Too many Lambdas, one database
At BriteCore, BriteLines rebuilds product caches in the background. Change a product version and we queue work on SQS. Each message starts a Lambda that rebuilds the cache for one risk type and writes it to Redis.
A risk type is one category on a policy, like a vehicle or a building. A product version is a dated cut of the full product config. A full version reset means rebuild the cache for every risk type in that cut, not just the one that changed.
That design was deliberate. One big job for a whole product would have been brittle. Splitting by risk type meant failures stayed smaller and work could run in parallel. For a full version reset, though, “in parallel” meant a lot of Lambdas at once.
What broke
Every Lambda opened a connection to MySQL. The database only allows so many. When dozens of workers landed together, some could not get a connection. Jobs failed. SQS retried them. Retries piled on more workers. From the outside it looked like cache generation was still broken, even when a single risk type rebuild was fine on its own.

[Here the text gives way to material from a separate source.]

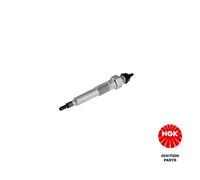 Candela incandescente Candeletta di ceramica 6160 NGK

The symptoms sat next to the slow serializer problems we had elsewhere. Timeouts, failed jobs, a product whose cache never quite finished. It was easy to treat it as the same bug. It was not. One path was too many queries inside a worker. This one was too many workers asking the database for a seat at the same moment.
What we changed
We wrote a small helper that staggered jobs when we enqueued them. SQS accepts a DelaySeconds value on each message, so instead of dumping every risk type job onto the queue at once, we assigned delays across the batch and Lambdas woke up in waves.
The idea was simple. Keep some parallelism so a full reset does not drag forever. Cap how many workers hit MySQL at once so the connection limit stops being the bottleneck. We were not trying to make one job faster. We were trying to stop a healthy fan out from drowning the database.
Why this is easy to miss
Fan out feels like the cloud doing its job. You have a queue, you have Lambdas, you have a product with many pieces. Of course you process them together. The database does not scale that story for free. Connection limits are a hard ceiling. Retries turn a short spike into a longer outage of the same shape.
I have seen the same pattern outside BriteLines. People migrate a table with a swarm of workers, warm a cache for every tenant at deploy time, or fan out “just regenerate everything.” Each worker looks innocent. Together they exhaust a shared resource that is not in the Lambda metrics you stare at first.
The lesson
After you fix the work inside one job, look at how many of those jobs you start together. If the shared dependency is a database with a fixed connection pool, limiting concurrency can matter as much as speeding up any single worker.
We already had the split by risk type. The missing piece was admitting that the split could succeed too well. Once the workers stopped landing on MySQL all at once, full version resets stopped failing on connection limits.